Lescar is by turns gay and sad; it is gay enough on a Sunday or a fête day, and sad and diffident at all other times, save what anima­tion may be found in its market-place. Archi­tecture rises to no great height here, and, be­yond the picturesque riot of moss-grown roof­tops and tottering walls, there is not much that is really remarkable of either Gothic or Renaissance days. The ancient cathedral, with a weird triangular façade, belongs to no school, not even a local one, and is unspeakably ugly as a whole, though here and there are gems of architectural decoration which give it a cer­tain fantastic distinction.

Lescar is but a league distant from Pau, but not many of those who winter in that delight­ful city ever come here. "The Normans razed it in 856, when it was rebuilt on the side of a hill in the midst of a wood." This was the old chronicler's description, and it holds good to­day. Usually travellers find the big cities like Pau or Tarbes so irresistible that they have no eye for the charm of the small town. The country-side they like, and the cities, and yet the dull, little, sleepy old-world towns whose names are never mentioned in the newspapers, and often nowhere but on the road maps of the automobilist, are possessed of many pleas­ing attributes for which one may look in vain in more populous places. Lescar has some of these, one of them being its Hôtel Uglas.
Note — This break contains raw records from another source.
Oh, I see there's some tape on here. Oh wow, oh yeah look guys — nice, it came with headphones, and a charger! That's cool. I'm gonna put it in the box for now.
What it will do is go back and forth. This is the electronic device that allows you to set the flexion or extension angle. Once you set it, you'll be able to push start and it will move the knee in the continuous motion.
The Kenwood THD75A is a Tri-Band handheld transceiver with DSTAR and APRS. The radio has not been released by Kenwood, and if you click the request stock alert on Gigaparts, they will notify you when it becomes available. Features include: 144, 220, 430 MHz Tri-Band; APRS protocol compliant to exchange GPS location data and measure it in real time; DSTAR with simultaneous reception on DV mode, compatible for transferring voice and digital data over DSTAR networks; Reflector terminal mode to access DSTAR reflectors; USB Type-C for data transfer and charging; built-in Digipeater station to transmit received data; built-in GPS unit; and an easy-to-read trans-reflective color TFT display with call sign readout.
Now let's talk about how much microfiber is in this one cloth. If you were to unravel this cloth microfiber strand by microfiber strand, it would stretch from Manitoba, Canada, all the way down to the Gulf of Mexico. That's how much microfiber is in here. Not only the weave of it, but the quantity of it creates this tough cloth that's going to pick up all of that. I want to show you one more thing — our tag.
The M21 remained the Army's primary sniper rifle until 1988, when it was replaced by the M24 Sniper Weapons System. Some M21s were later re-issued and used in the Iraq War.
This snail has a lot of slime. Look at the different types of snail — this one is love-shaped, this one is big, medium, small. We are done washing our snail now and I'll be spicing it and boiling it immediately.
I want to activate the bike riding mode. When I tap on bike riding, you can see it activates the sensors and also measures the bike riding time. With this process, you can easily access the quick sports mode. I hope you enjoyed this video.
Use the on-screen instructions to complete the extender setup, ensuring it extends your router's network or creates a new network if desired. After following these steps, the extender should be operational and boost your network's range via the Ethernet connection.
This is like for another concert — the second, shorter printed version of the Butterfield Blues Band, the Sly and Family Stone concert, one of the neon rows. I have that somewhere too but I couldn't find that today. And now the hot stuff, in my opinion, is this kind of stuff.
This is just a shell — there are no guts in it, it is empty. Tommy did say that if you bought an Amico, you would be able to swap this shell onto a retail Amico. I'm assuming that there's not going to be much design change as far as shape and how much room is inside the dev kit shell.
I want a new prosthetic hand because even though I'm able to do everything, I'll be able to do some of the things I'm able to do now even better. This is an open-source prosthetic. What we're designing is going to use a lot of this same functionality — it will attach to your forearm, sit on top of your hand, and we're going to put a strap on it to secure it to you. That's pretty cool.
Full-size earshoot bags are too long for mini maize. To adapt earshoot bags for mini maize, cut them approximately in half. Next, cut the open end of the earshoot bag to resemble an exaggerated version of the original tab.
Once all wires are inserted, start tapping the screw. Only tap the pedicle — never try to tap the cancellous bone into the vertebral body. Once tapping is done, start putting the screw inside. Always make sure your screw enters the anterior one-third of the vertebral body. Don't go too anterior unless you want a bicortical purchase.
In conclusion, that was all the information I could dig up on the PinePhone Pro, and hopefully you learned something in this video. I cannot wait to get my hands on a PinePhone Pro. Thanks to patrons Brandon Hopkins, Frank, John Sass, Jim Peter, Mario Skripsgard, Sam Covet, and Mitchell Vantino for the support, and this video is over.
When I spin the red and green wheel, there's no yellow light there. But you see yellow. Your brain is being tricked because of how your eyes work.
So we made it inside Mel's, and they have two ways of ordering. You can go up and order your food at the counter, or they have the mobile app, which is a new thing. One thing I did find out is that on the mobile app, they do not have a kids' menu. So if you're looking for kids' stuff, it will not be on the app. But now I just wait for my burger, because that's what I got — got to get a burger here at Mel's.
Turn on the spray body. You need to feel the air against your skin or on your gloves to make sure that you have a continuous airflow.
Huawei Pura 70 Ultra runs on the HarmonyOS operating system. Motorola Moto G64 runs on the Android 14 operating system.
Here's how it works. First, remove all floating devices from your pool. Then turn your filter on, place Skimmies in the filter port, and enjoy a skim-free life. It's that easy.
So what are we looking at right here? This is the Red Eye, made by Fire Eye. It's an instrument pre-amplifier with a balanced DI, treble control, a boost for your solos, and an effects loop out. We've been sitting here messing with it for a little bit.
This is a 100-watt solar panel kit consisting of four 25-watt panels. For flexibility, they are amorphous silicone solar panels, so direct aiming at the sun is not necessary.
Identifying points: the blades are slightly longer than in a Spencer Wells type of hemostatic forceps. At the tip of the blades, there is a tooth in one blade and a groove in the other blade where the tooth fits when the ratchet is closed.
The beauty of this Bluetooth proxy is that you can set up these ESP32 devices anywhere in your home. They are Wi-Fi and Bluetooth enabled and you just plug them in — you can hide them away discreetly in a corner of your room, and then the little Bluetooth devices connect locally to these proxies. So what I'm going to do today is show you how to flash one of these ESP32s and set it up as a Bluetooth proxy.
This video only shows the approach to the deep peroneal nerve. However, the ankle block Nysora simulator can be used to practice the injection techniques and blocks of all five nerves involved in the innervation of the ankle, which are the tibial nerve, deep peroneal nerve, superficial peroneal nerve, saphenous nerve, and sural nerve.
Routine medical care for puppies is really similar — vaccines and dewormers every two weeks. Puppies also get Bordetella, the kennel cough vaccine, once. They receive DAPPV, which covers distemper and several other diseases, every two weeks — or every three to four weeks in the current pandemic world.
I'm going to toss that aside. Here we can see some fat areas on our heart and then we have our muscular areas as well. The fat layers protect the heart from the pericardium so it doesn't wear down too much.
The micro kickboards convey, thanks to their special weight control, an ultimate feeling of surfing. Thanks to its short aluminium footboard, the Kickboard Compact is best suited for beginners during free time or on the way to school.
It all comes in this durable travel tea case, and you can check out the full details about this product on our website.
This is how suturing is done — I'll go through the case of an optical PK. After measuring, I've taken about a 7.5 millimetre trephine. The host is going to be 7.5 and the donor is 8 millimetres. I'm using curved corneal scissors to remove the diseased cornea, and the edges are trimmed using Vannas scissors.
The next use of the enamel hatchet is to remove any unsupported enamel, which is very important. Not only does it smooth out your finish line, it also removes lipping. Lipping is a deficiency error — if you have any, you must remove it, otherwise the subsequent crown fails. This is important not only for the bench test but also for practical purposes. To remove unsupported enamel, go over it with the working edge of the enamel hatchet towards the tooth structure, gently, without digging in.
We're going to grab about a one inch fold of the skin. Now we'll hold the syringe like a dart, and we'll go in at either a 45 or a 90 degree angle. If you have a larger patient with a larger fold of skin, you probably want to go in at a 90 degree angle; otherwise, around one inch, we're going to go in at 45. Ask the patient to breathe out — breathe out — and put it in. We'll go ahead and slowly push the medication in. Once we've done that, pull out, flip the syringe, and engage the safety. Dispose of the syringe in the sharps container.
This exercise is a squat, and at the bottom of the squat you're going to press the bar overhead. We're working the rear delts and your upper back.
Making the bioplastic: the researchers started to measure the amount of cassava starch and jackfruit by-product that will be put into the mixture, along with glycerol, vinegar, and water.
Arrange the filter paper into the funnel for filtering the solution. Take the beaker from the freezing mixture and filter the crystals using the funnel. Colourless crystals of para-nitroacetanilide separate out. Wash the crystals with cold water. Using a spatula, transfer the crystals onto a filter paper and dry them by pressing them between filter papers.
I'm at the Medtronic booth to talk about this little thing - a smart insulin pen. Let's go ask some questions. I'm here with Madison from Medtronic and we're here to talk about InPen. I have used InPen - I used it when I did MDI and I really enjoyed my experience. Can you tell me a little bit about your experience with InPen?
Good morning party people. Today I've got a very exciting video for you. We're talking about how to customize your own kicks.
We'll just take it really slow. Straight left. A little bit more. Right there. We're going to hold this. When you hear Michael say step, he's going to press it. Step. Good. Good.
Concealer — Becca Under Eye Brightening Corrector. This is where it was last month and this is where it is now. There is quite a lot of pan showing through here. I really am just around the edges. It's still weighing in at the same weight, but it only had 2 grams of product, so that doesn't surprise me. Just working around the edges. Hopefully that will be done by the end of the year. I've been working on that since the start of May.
Lescar is a good brisk hour and a half's stroll from Pau, the classic constitutional recom­mended by the doctors to the semi-invalids who are so frequently met with at Pau, and is a humble, dull bourgade even to-day, sleepy, rus­tic, and unprogressive, and accordingly a de­lightful contrast to its ostentatious neighbour. Poor Lescar, its fall has been profound since the days when it was the Beneharnum of the Romans. Its bishopric has been shredded into nonentity, and its ancient cathedral disfigured by interpolated banalities until one can hardly realize to-day that it was once a metropolitan church.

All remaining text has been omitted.